Soy de la idea de que la tecnología moderna tiene una solución para cada problema; mi nostalgia por máquinas y métodos analógicos es nula. Prefiero el CD al vinilo y la pantalla a la máquina de escribir. No es nostalgia la que me lleva a valorar profundamente el papel. Es simplemente perspectiva: algunos de sus valores fundamentales todavía no han sido superados.
La información más valiosa no es ya la que podemos conseguir afuera, si acaso alguna vez lo fue, sino la que nosotros mismos producimos. Nuestros textos, las fotos y películas familiares, los primeros dibujos de un hijo o una desprolija pero cálida grabación de un ensayo con amigos músicos. Si eso se pierde, no vuelve más. No se vende en ninguna casa del ramo. No son simples documentos, sino nuestro tiempo de vida capturado en papel, acetato o bits. Y los bits son por ahora los más frágiles, quizá debido a su juventud. Les tengo fe, sin embargo; es cuestión de que en lugar de seguir firmando el acta de defunción del papel cada seis meses, aprendamos sus lecciones.
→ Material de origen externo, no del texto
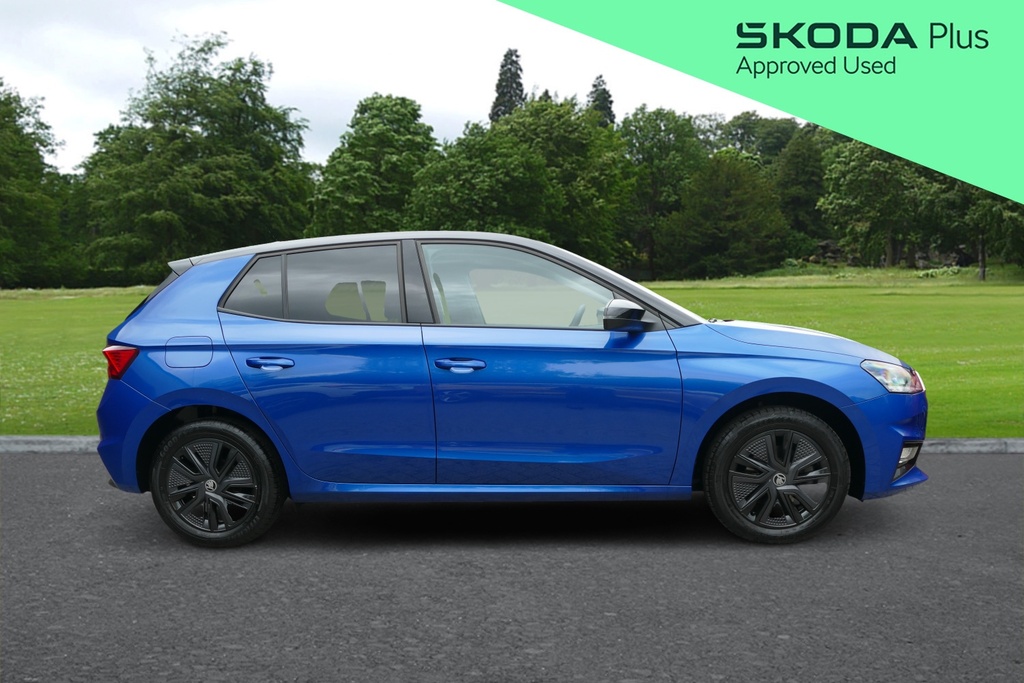 Skoda Fabia 1.5 Tsi 150 Design Edition Dsg 150 Ps DC25CNU Blue #4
El año pasado, en mis vacaciones, me reencontré con cientos de negativos de mi época de fotógrafo aficionado. Estaban impecables. La tecnología digital me permitió rescatar algunos que habían sido maltratados por las mudanzas y el olvido.
Esta vez le toca a la noble y serena hoja de papel. No pide nada. Se queda ahí y espera. No demanda. Sabe aguardar su momento para florecer en nuestra conciencia, siempre compatible, sin problemas, sin conflictos, sin vueltas. Es estable y resistente como ninguna de las tecnologías que hemos desarrollado después. Esa es la lección. Tal vez el tiempo (es decir, más perspectiva) termine por convencerme de que las ventajas de la informática tienen por costo la volatilidad. O una constante tutela, como esas plantas bellas pero delicadas.
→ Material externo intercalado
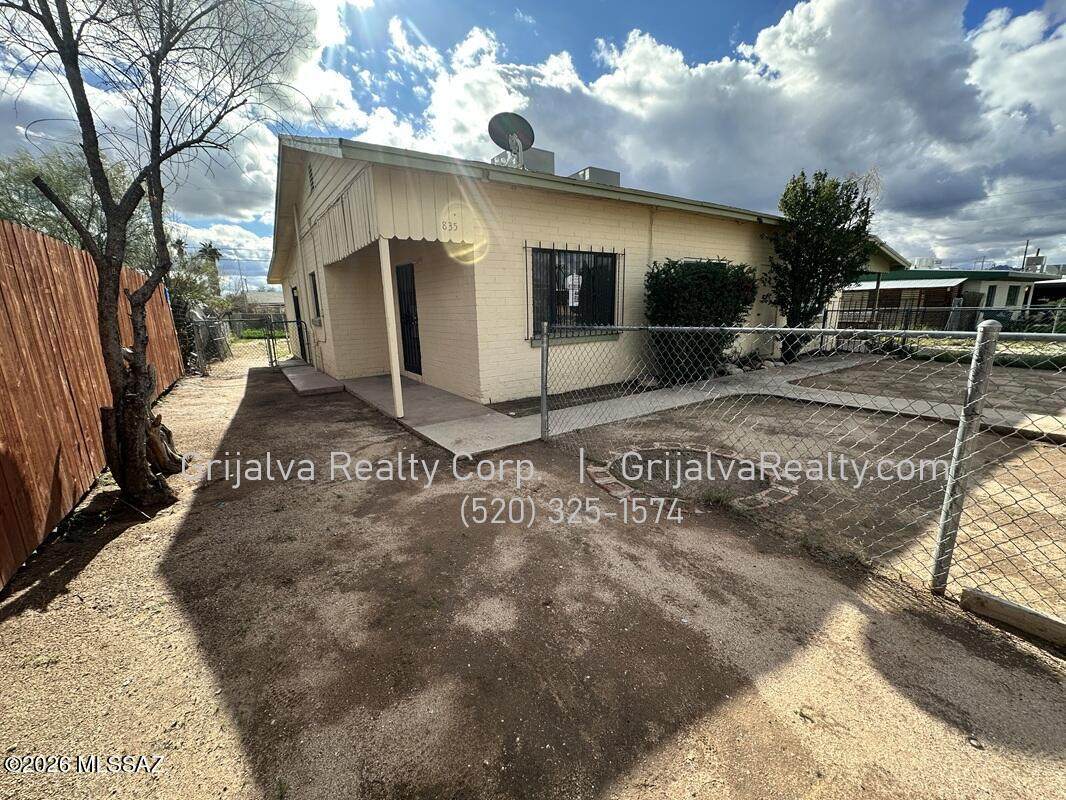 https://bt-photos.global.ssl.fastly.net/tucson/orig_boomver_1_22607969-2.jpg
Espero que no sea así, porque ya no es posible, como antes, tener una copia impresa de todo. Gracias a la tecnología podemos producir más y a costos muy bajos; no tenemos rollos de escasas 36 fotos, sino memorias electrónicas para tomar 2500 fotos sin preocuparnos. Eso es fantástico. El disco duro de una PC almacena tanta cantidad de texto como para hacer una montaña de papel de la altura del Aconcagua.
Por eso, todavía tengo fe en que un descubrimiento mañana o dentro de veinte años nos permita archivar sin ansiedad un pequeño cubo de cristal (o cualquier otro material digno de confianza) con los bits que atesoramos. Sereno, paciente y a prueba de todo.
Salvo quizás del fuego.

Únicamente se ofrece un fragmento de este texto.